Work function and wavelength

kingwinner · Mar 30, 2007

1) The maximum kinetic energy of photoelectrons is 2.8eV. When the wavelength of the light is increased by 50%, the maximum energy decreases to 1.1 eV. What are the "work function" of the cathode and the "initial wavelength"?
K.E.initial=K.E.max=2.8eV=4.48x10^-19J
lambda.final=1.5*lambda.initial
Final energy = 1.1 eV (<---is this purely kinetic energy? why?)

K.E.max = hc/(lambda.initial) - work function
But now I have 2 unknowns: work function and lambda.initial, what can I do to solve for both?

I am stuck here...

Does anyone have any idea or insight?
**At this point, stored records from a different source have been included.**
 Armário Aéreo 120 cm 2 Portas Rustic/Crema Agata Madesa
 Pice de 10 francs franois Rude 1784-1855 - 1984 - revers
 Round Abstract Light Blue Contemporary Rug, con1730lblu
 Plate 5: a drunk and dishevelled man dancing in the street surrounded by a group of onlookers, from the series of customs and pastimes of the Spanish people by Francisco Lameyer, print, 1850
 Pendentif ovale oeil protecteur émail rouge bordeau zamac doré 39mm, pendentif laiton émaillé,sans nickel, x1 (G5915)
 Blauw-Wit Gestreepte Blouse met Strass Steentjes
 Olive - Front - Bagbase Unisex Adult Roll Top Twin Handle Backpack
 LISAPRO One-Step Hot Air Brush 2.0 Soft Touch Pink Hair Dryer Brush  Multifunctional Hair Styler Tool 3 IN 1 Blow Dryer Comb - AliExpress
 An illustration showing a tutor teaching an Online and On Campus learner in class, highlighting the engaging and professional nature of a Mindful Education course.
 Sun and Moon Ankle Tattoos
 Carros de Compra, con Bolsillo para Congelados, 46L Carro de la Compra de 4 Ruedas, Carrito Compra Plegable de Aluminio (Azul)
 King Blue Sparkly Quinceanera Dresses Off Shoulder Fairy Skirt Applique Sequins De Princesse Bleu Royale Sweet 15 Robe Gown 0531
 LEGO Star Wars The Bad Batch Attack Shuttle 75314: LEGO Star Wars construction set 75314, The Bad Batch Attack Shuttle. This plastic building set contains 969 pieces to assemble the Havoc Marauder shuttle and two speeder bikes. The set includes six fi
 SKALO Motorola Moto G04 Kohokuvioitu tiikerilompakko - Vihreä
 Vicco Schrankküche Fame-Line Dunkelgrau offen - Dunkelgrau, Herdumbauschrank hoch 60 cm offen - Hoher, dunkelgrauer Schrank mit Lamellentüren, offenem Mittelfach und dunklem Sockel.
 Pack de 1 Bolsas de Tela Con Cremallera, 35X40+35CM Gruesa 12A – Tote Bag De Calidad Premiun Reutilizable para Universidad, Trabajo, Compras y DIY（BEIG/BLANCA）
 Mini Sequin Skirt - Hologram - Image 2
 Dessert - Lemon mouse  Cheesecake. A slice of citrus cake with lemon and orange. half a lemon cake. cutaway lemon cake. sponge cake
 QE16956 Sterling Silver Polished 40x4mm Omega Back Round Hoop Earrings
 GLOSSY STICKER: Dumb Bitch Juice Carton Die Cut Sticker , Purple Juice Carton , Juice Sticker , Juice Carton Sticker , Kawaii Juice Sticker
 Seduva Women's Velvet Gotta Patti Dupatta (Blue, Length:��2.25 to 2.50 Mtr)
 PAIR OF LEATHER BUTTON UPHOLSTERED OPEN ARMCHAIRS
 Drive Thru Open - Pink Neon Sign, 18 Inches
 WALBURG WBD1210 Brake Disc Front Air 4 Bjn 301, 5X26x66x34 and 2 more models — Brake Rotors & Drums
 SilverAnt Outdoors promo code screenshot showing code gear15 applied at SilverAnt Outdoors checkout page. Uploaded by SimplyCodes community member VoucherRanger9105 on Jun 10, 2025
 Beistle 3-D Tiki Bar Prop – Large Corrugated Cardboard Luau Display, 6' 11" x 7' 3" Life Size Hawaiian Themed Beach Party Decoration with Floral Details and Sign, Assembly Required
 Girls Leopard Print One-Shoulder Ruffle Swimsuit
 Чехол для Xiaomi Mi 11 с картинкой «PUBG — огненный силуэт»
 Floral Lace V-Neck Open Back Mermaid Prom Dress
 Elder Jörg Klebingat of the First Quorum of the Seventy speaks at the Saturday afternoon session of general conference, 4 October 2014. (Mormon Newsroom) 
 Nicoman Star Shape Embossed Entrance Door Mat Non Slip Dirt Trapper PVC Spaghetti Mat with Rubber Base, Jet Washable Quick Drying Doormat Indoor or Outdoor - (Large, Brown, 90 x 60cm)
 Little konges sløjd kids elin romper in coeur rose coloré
Any help is greatly appreciated.

kingwinner · Mar 30, 2007

Can someone please help me? I am sure that there are a lot of genius here...

Dick · Mar 30, 2007

kingwinner said: ↑

K.E.max = hc/(lambda.initial) - work function

Make that:

K.E.max.initial = hc/(lambda.initial) - work function

Then how about

K.E.max.final = hc/(lambda.final) - work function

as a second equation?

kingwinner · Mar 30, 2007

Thanks for your help! I got it!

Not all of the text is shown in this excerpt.